-- Task to complete --
The answer must be an exact copy of the lines from the one with "LTBLDH701J36CST new LCD" to the last line of the entries below, both included, and must contain no pictures.
··· Provided data
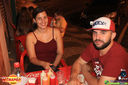 IMG_8798.jpg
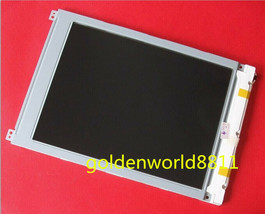 LTBLDH701J36CST new LCD Panel with 90 days warranty - $158.40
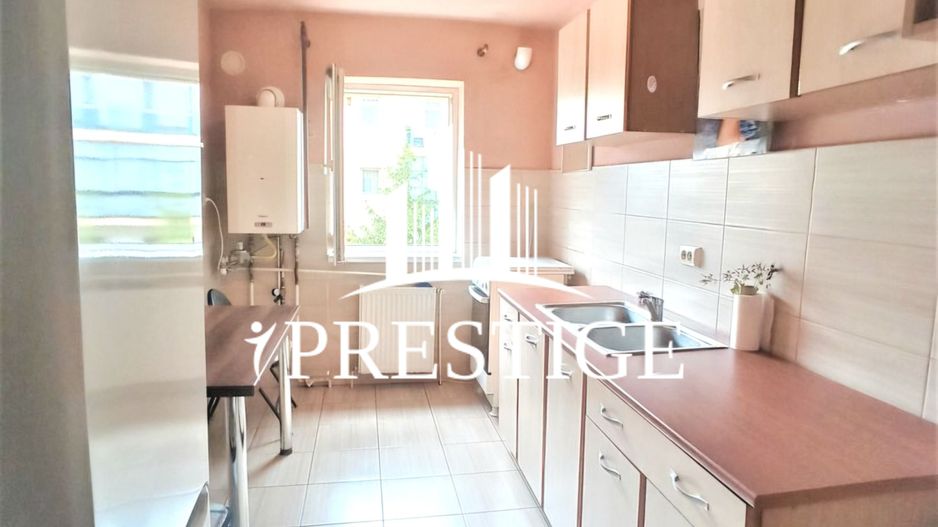 APARTAMENT 4 CAMERE PRETABIL MUNCITORI, ETJA 3, PIAȚA RAHOVEI - Poză 7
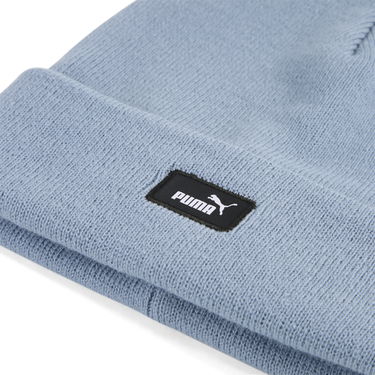 Шапка Puma Essentials Beanie Синьо | 026400_01, 3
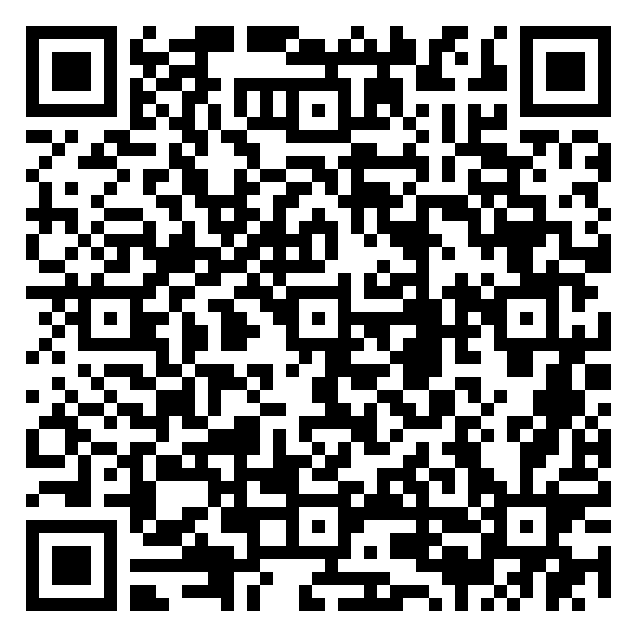 kod QR z danymi kontaktowymi 05222729800000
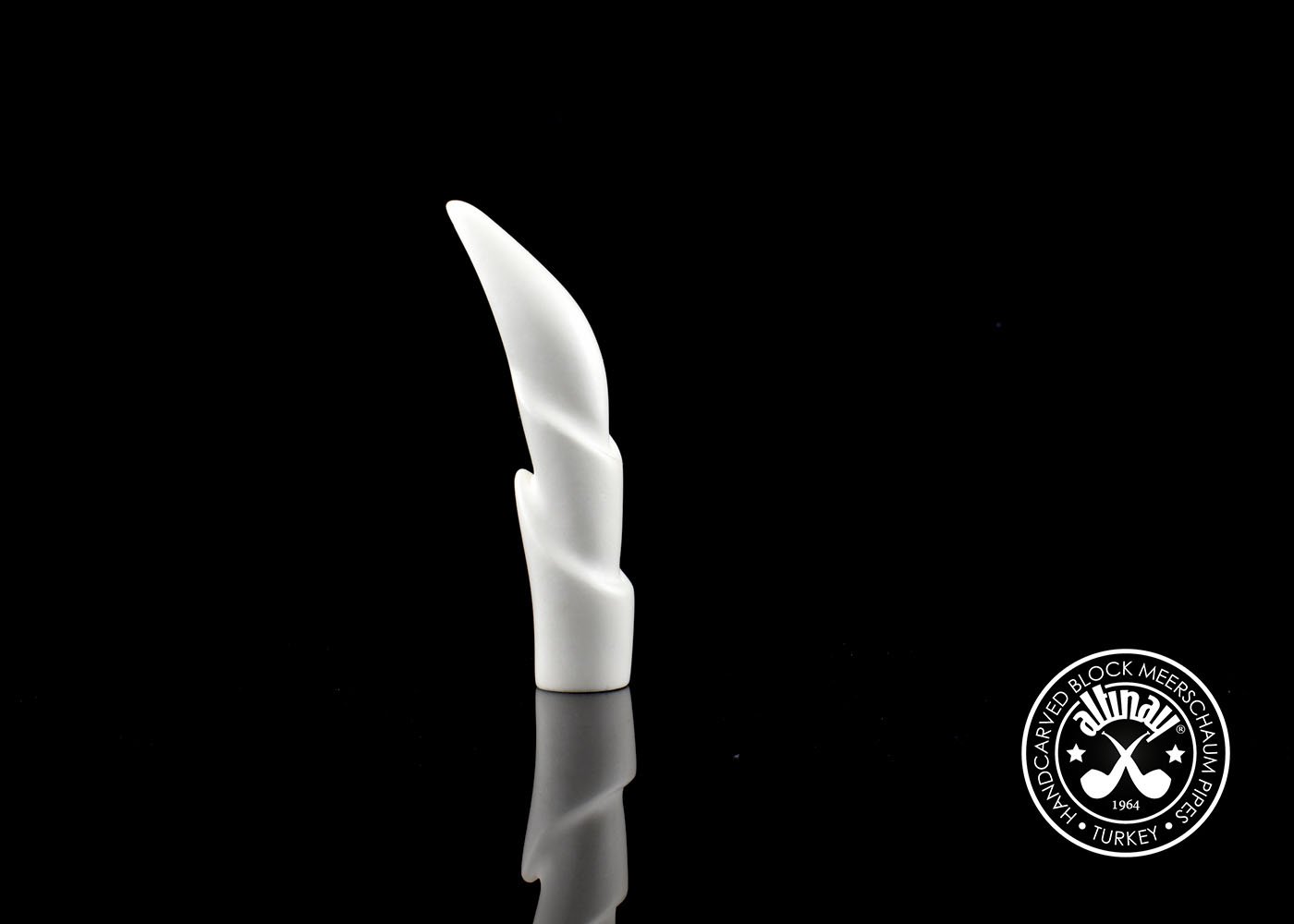 altinay-unibody-meerschaum-stopfer-pfeifenstopfer-2 image 4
······
-- Expected answer --
 LTBLDH701J36CST new LCD Panel with 90 days warranty - $158.40
 APARTAMENT 4 CAMERE PRETABIL MUNCITORI, ETJA 3, PIAȚA RAHOVEI - Poză 7
 Шапка Puma Essentials Beanie Синьо | 026400_01, 3
 kod QR z danymi kontaktowymi 05222729800000
 altinay-unibody-meerschaum-stopfer-pfeifenstopfer-2 image 4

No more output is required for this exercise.